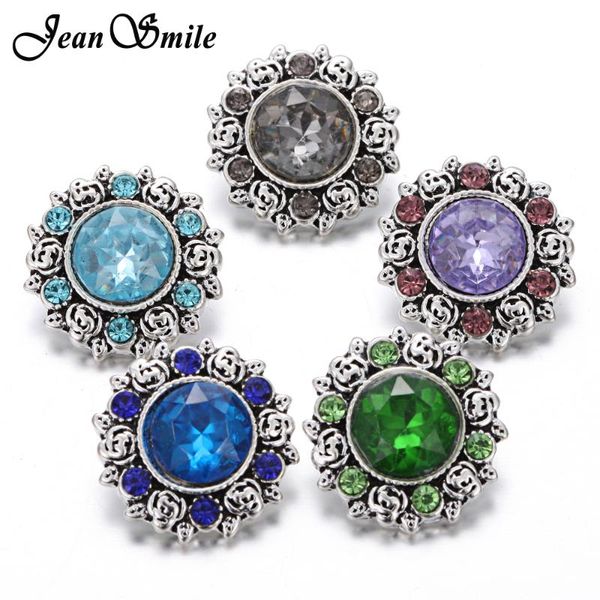charm bracelets 10pcs/lot est 18mm metal flowers rhinestone snaps button jewelry fit snap bangle buttons for women, Golden;silver
charm bracelets 10pcs/lot est 18mm metal flowers rhinestone snaps button jewelry fit snap bangle buttons for women, Golden;silver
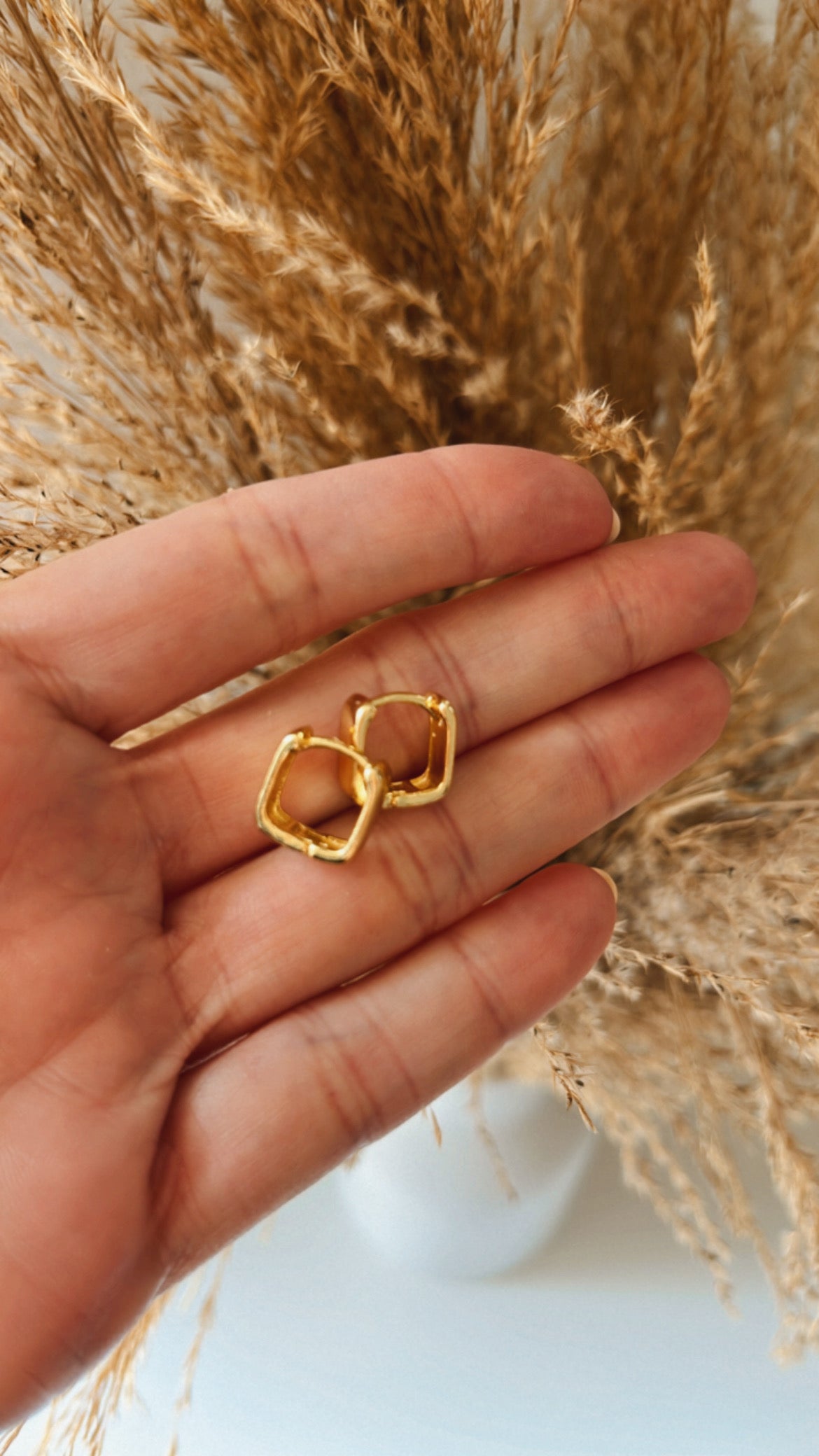 Square Earrings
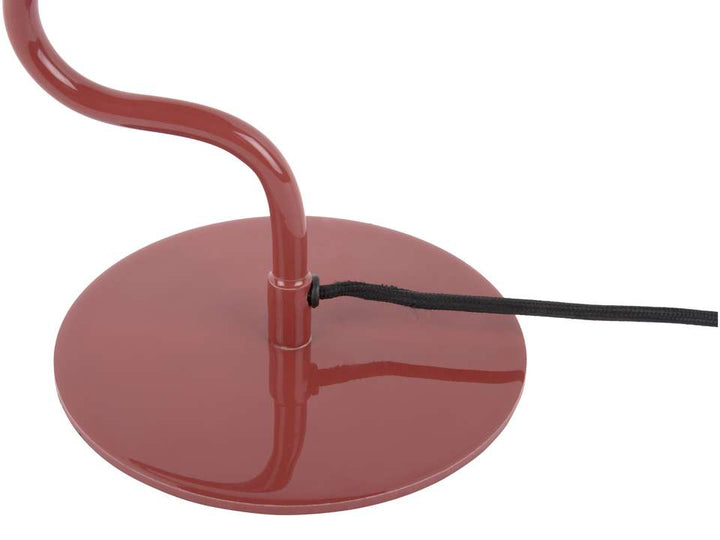 Tafellamp Twist Rood – Moderne Designlamp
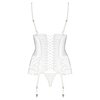 Corset Obsessive 871-COR Alb L-XL Thumb 1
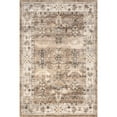 thumbnail image 6 of nuLOOM Tansy Traditional Vintage Machine Washable Area Rug, 4' x 6', Tansy Beige, 6 of 8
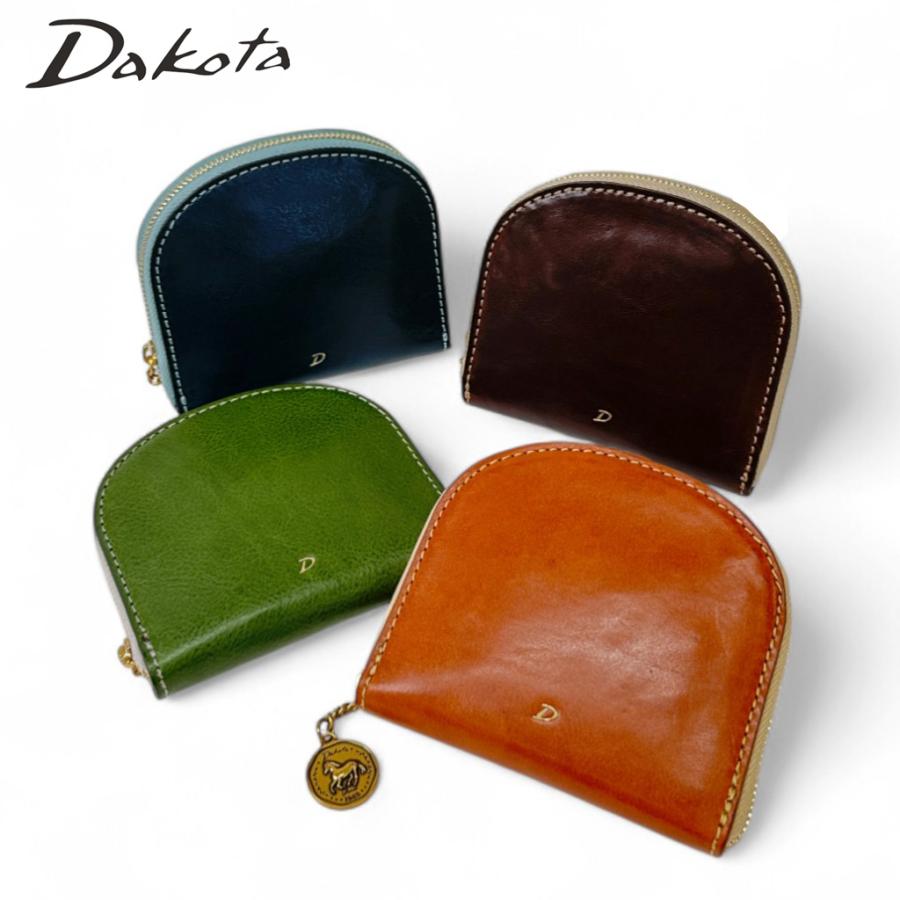 Dakota（ダコタ） 財布 ラフィナート 小銭入れ付き二つ折り財布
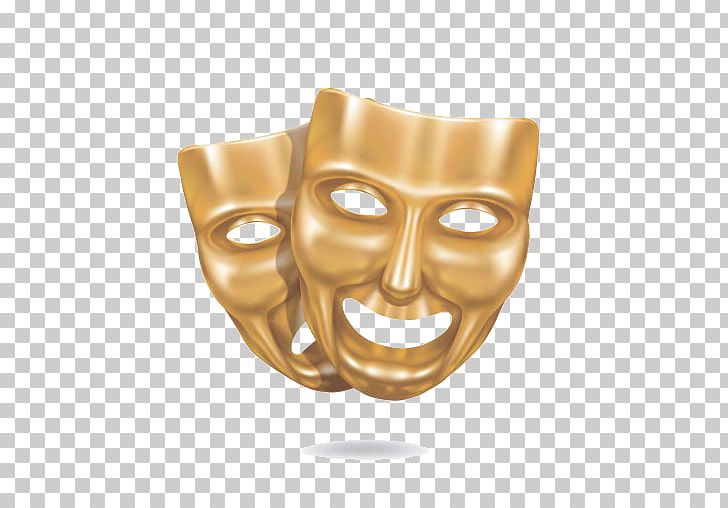 Mask Theatre Illustration PNG, Clipart, Art, Carnival Mask, Download, Golden, Golden Mask Free PNG Download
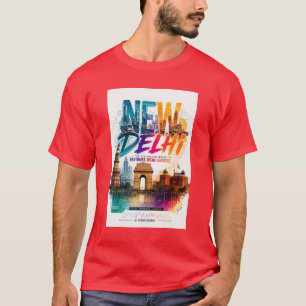 The "New Delhi" Heritage T-SHIRT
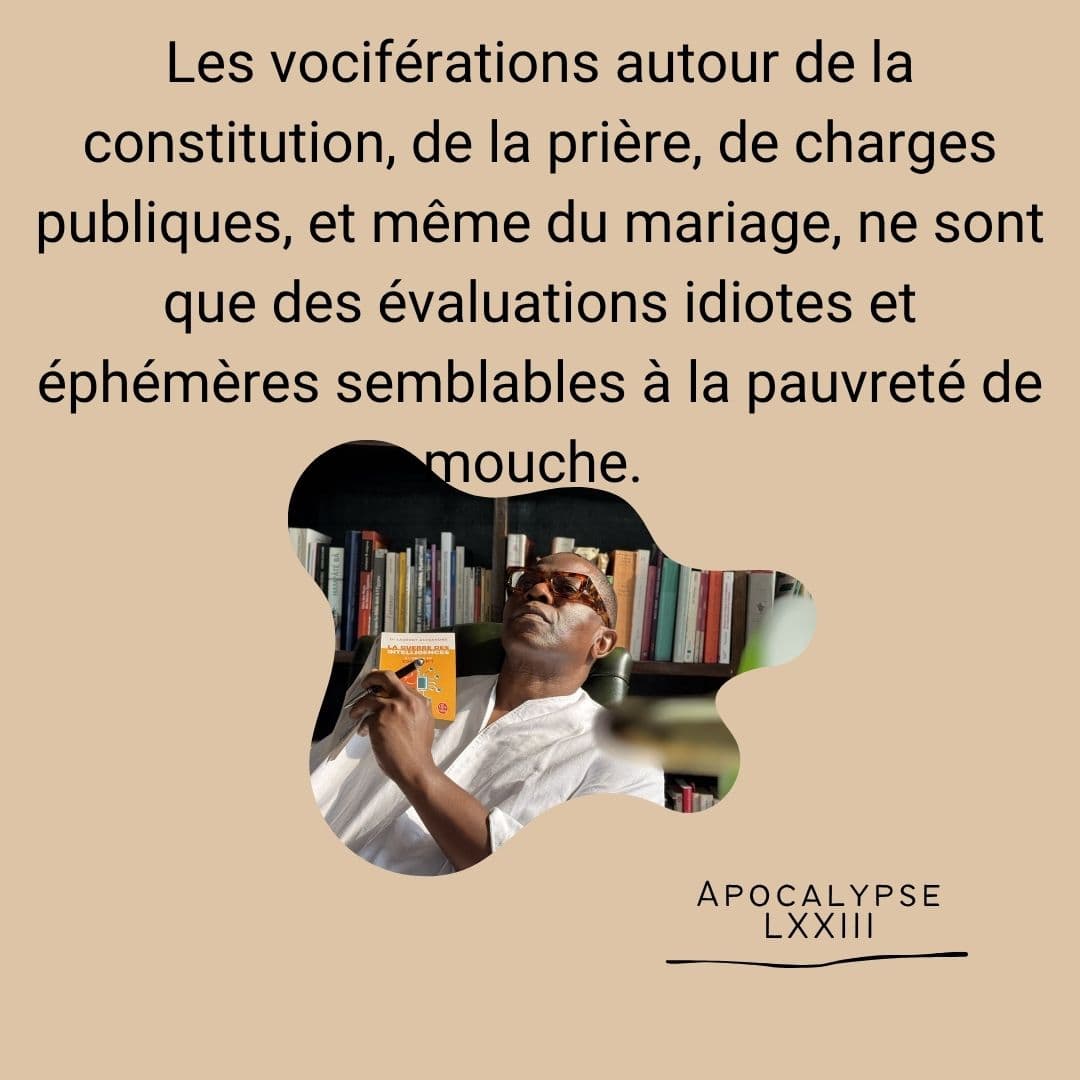 Aphorisme 37 - Révolte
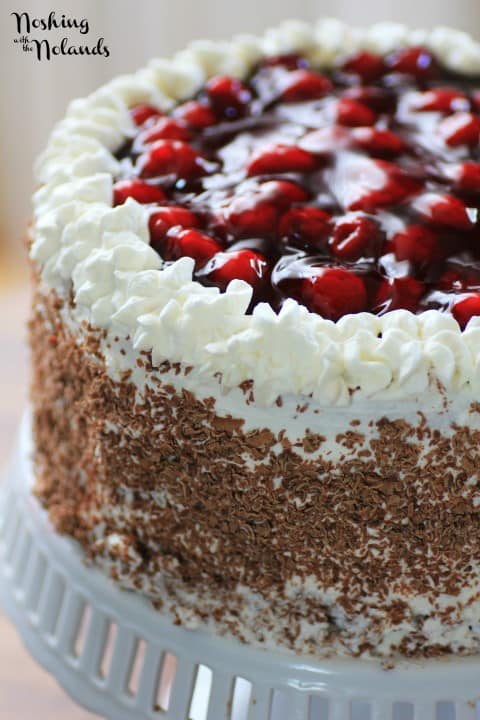 Black Forest Cake by Noshing With The Nolands 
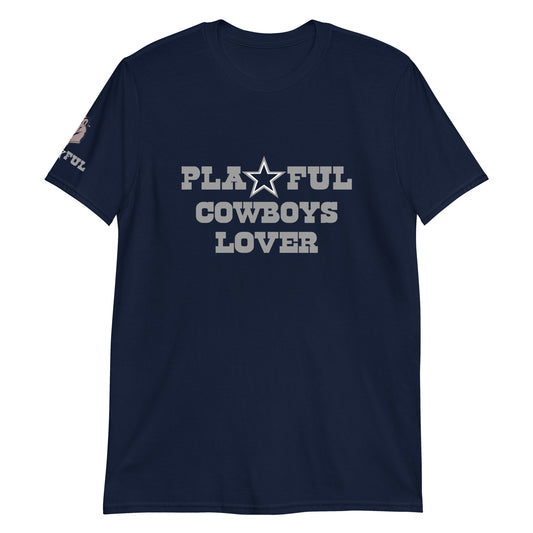 Playful Cowboys Lover Short-Sleeve (Unisex) T-Shirt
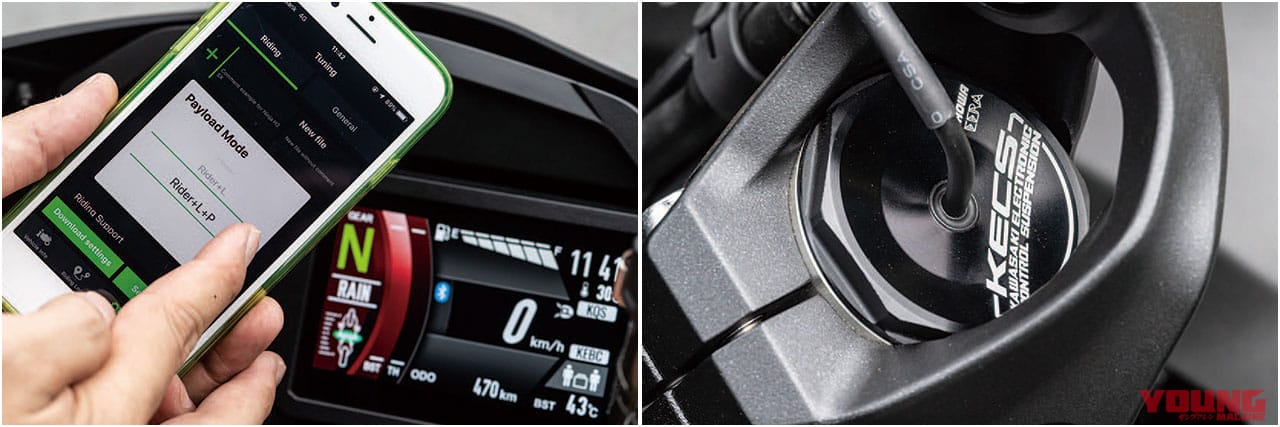 カワサキ Ninja H2 SX SE+|’20新車バイク総覧〈大型スポーツ&ツーリング|国産車#1/3〉カワサキ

+--

**Problem requirements**
Beginning with the line where "Playful Cowboys Lover" appears, transcribe the records above word for word through their last line, and include no pictures.

**Task response**
 Playful Cowboys Lover Short-Sleeve (Unisex) T-Shirt
 カワサキ Ninja H2 SX SE+|’20新車バイク総覧〈大型スポーツ&ツーリング|国産車#1/3〉カワサキ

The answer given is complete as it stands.